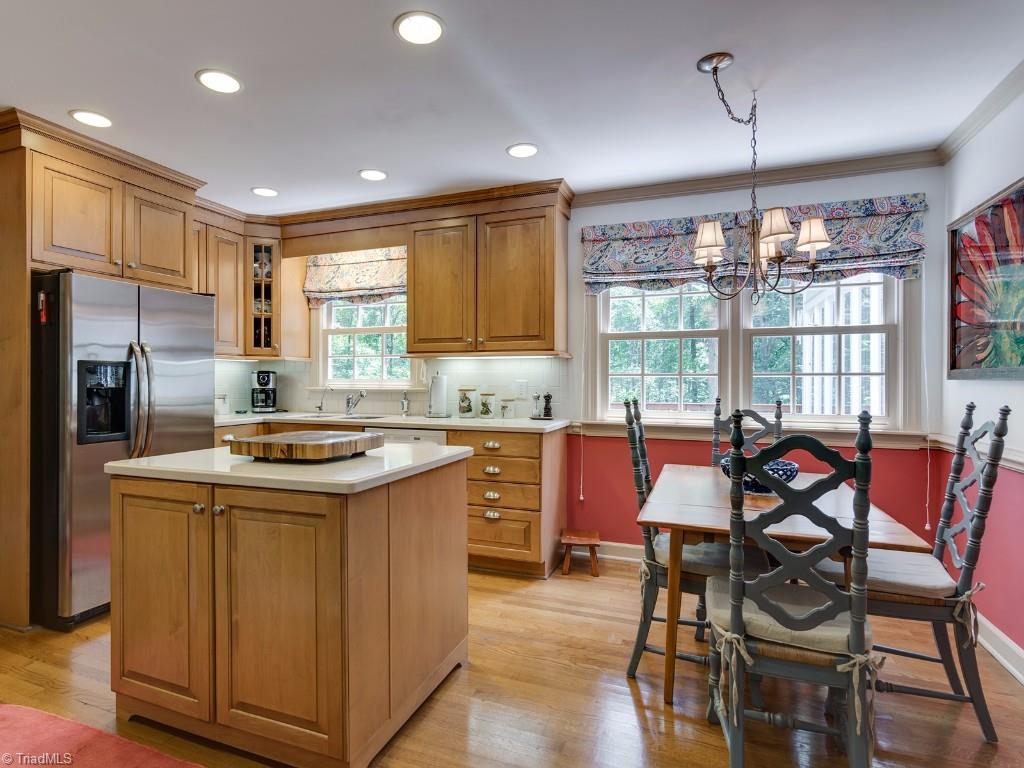 7103 Haw Ridge Road Summerfield, NC 27358 - Photo 6 of 30 Kitchen with beautiful cabinets and wood floors.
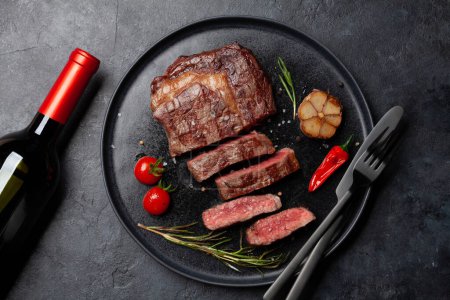 Téléchargez les photos : Bifteck de bœuf côtelé grillé aux herbes et épices. Pose plate - en image libre de droit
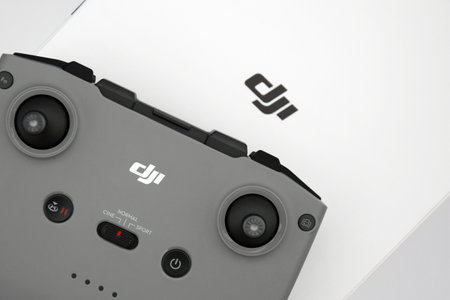 Kharkiv, Ukraine - September 12, 2022: A new DJI Mavic 3 drone on light background.のeditorial素材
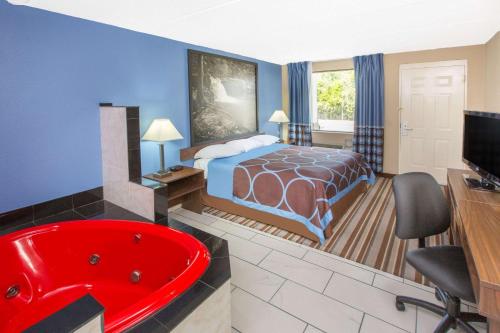 a hotel room with a bed and a red bath tub at Super 8 by Wyndham Dothan in Dothan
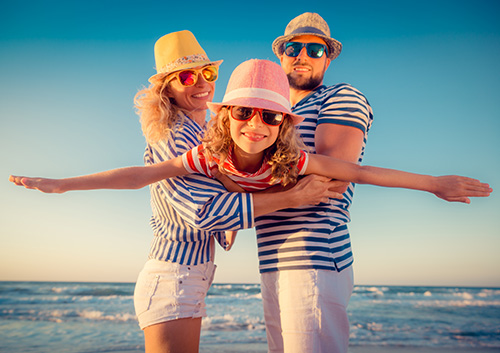 dental_emergency_traveling A family wearing striped hats and sunglasses on the beach.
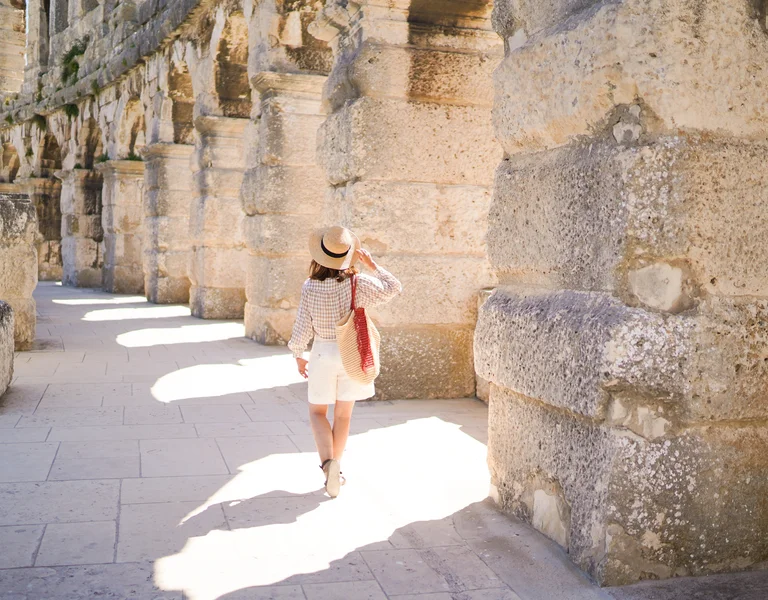 Woman in a hat walking along ancient stone ruins in sunlight.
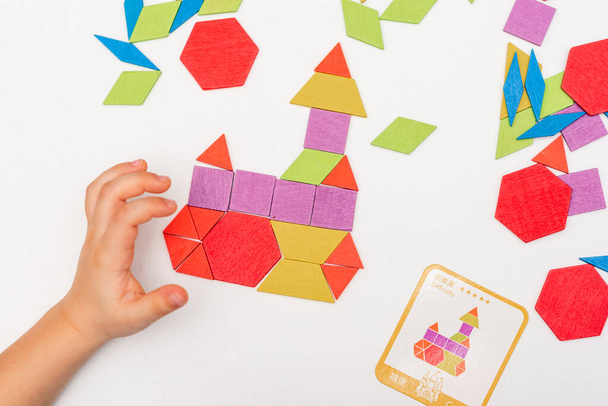 Close up of kid hands playing bright wooden tangram toy. The child collects a pattern of wooden bars. Creative baby make new forms. - Foto, Imagem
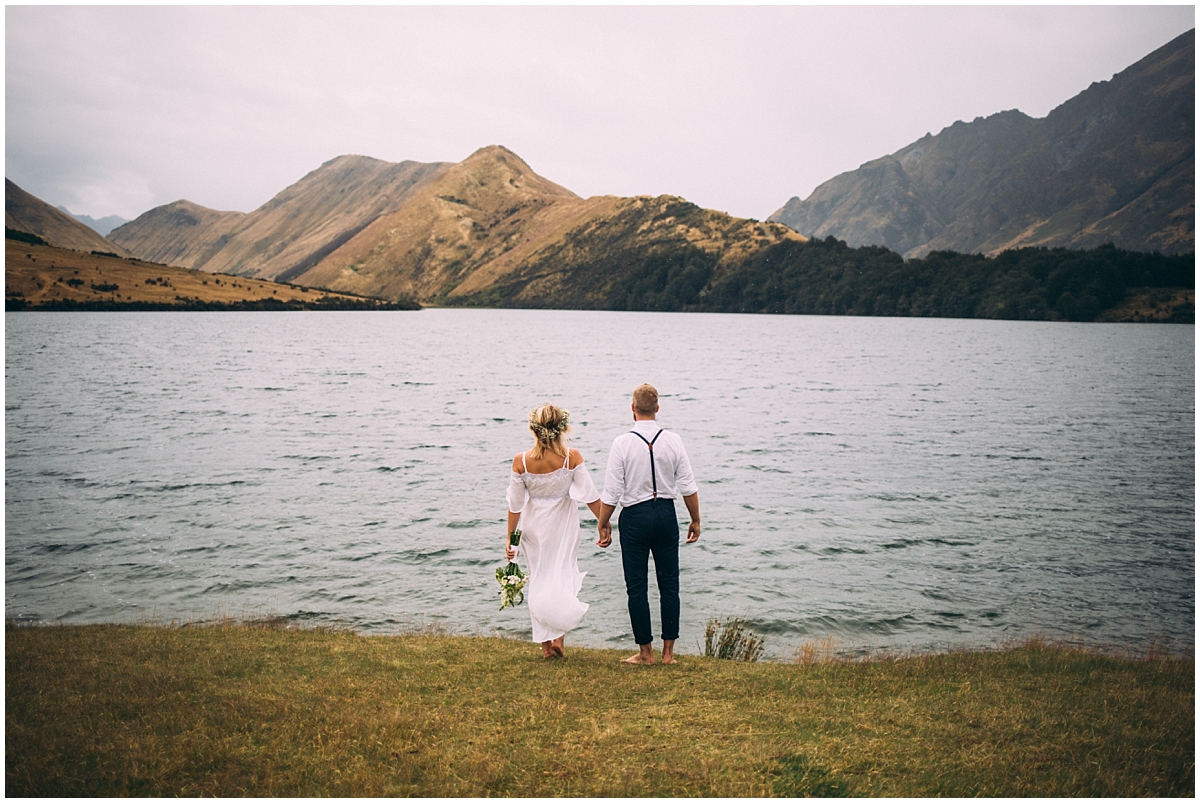 Bride and groom standing at the water's edge gazing at mountains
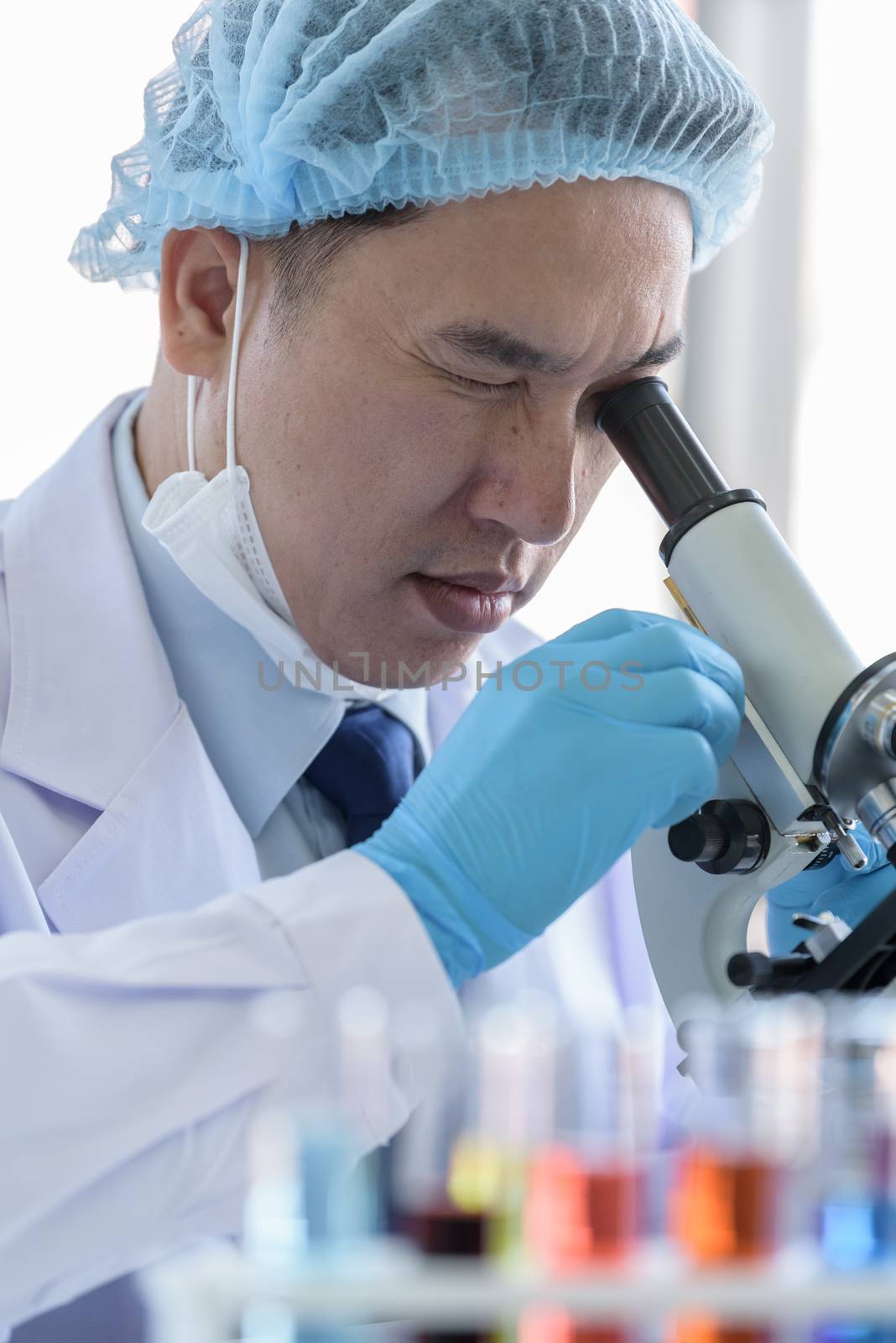 Asian man scientist researching  and learning in a laboratory. by animagesdesign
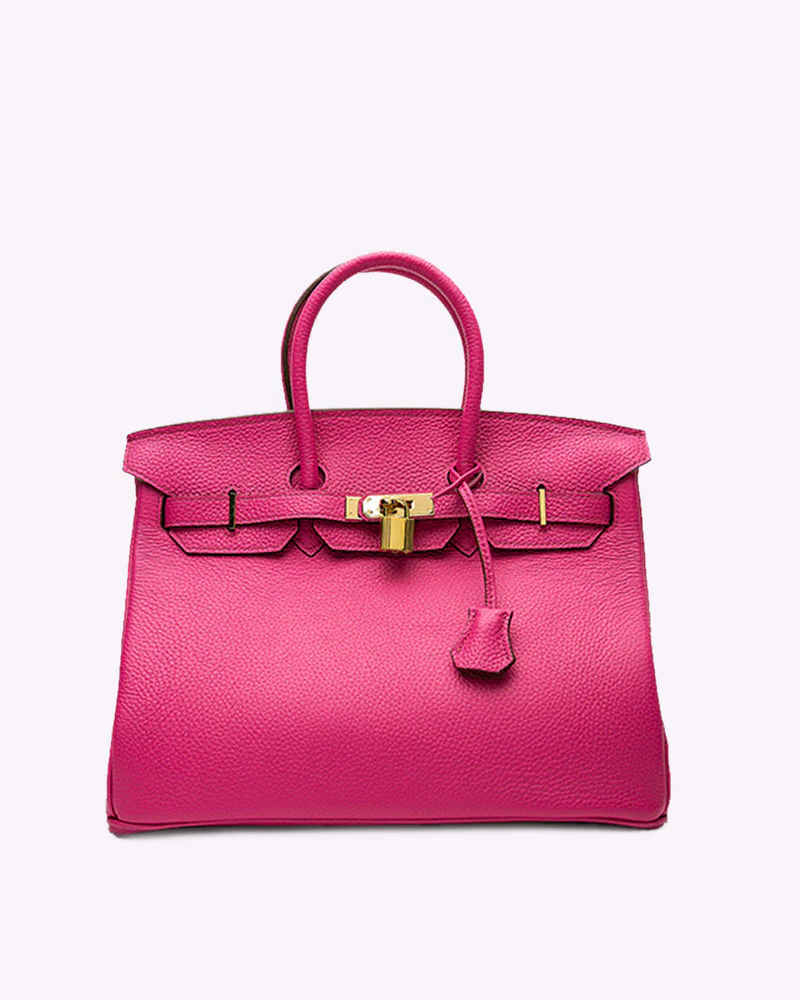 Hot pink Fitlybuy LuxeCarry pebbled leather handbag with gold hardware, top handles, and a central padlock closure.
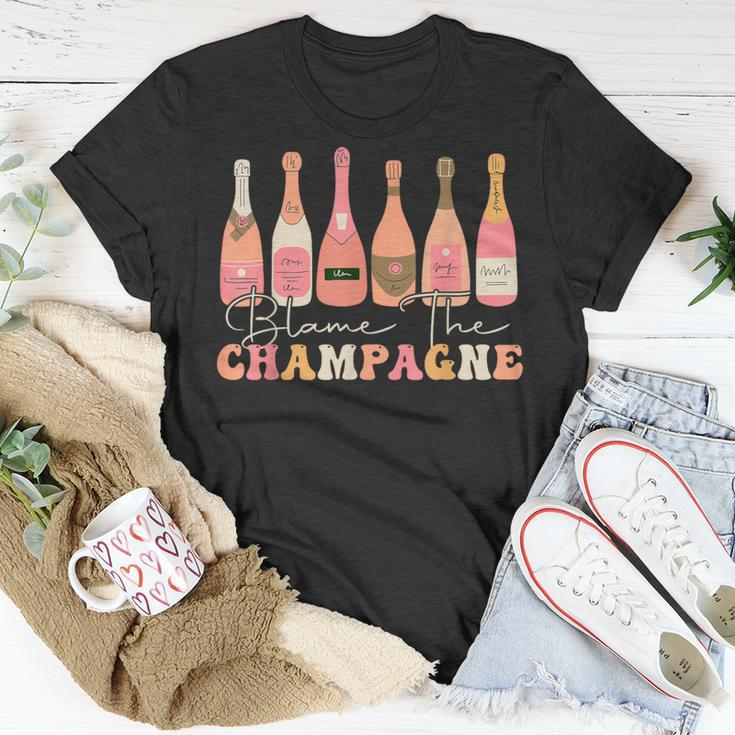 Retro Blame The Champagne Happy New Year 2024 Party Friends T-Shirt Funny Gifts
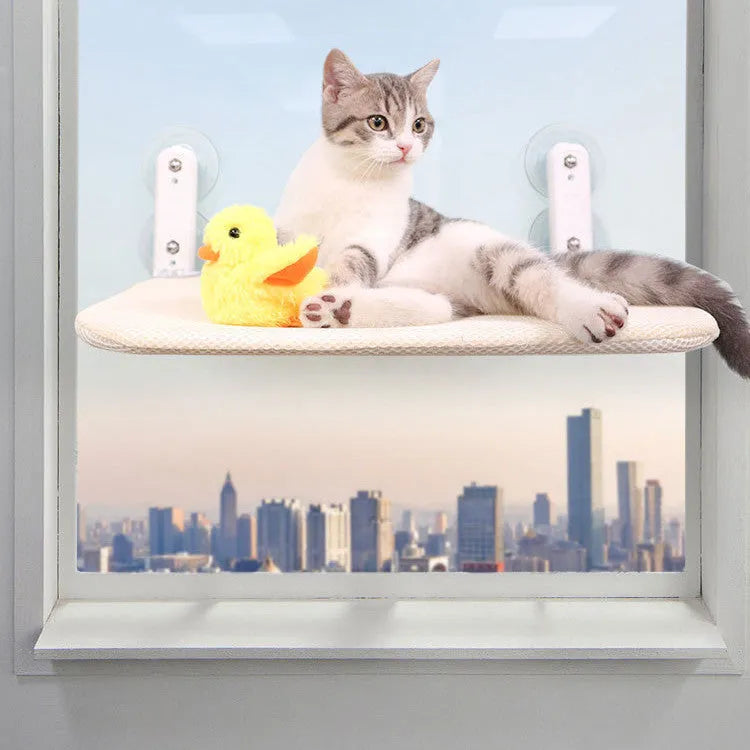 Stainless steel frame cat hammock with suction cups attached to a window, shown in beige mesh fabric.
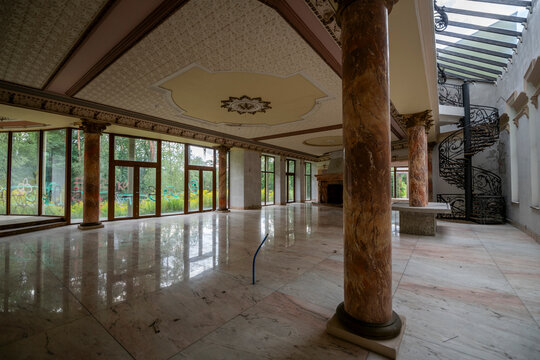 Abandoned luxury mansion interior with marble hall, ornate fireplace, swimming pool and glass facade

────────

• [WORK TASK] Repeat the whole listing above word for word, but keep any picture out of it.

• [WRITTEN SOLUTION]
 7103 Haw Ridge Road Summerfield, NC 27358 - Photo 6 of 30 Kitchen with beautiful cabinets and wood floors.
 Téléchargez les photos : Bifteck de bœuf côtelé grillé aux herbes et épices. Pose plate - en image libre de droit
 Kharkiv, Ukraine - September 12, 2022: A new DJI Mavic 3 drone on light background.のeditorial素材
 a hotel room with a bed and a red bath tub at Super 8 by Wyndham Dothan in Dothan
 dental_emergency_traveling A family wearing striped hats and sunglasses on the beach.
 Woman in a hat walking along ancient stone ruins in sunlight.
 Close up of kid hands playing bright wooden tangram toy. The child collects a pattern of wooden bars. Creative baby make new forms. - Foto, Imagem
 Bride and groom standing at the water's edge gazing at mountains
 Asian man scientist researching  and learning in a laboratory. by animagesdesign
 Hot pink Fitlybuy LuxeCarry pebbled leather handbag with gold hardware, top handles, and a central padlock closure.
 Retro Blame The Champagne Happy New Year 2024 Party Friends T-Shirt Funny Gifts
 Stainless steel frame cat hammock with suction cups attached to a window, shown in beige mesh fabric.
 Abandoned luxury mansion interior with marble hall, ornate fireplace, swimming pool and glass facade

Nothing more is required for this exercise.